> **Exercise aim**
Would you retype exactly the lines below, starting with the one that has "Vase semi quadratic" and going on through the one that has "Libbey Vintage Flower", with no pictures and nothing else?

[Records supplied Boundary: Start]

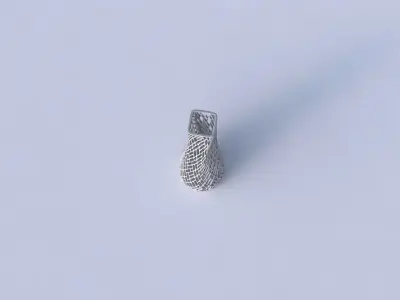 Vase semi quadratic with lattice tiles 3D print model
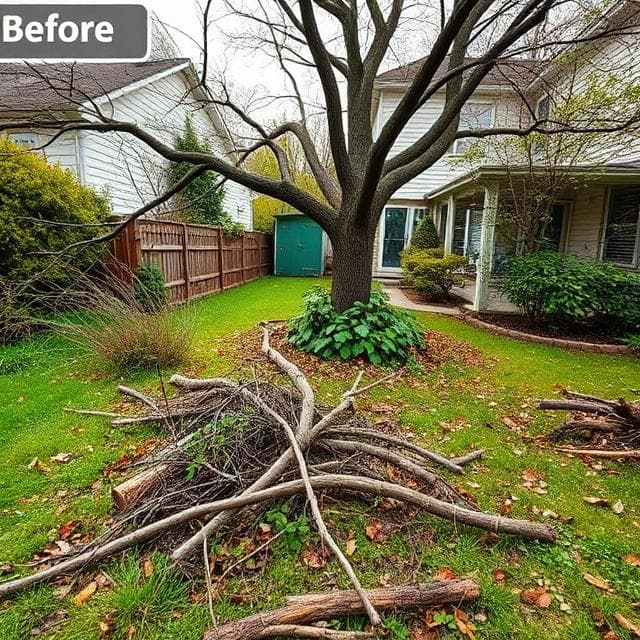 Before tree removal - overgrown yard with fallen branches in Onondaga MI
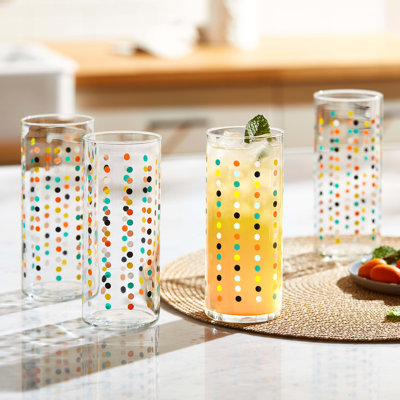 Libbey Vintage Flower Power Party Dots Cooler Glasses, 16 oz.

[Records supplied Boundary: End]
[Records supplied Boundary: Start]

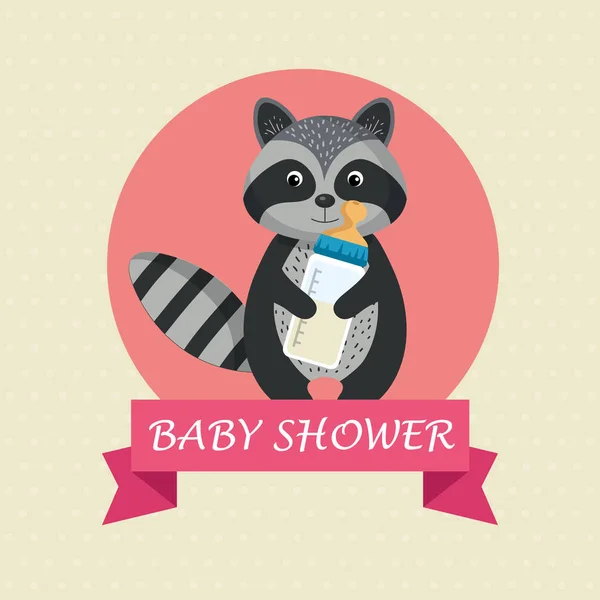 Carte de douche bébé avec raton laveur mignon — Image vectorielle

[Records supplied Boundary: End]
[Records supplied Boundary: Start]

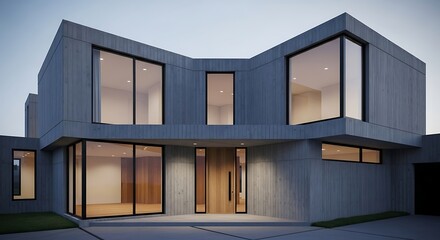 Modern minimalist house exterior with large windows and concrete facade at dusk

[Records supplied Boundary: End]

> **Reply**
 Vase semi quadratic with lattice tiles 3D print model
 Before tree removal - overgrown yard with fallen branches in Onondaga MI
 Libbey Vintage Flower Power Party Dots Cooler Glasses, 16 oz.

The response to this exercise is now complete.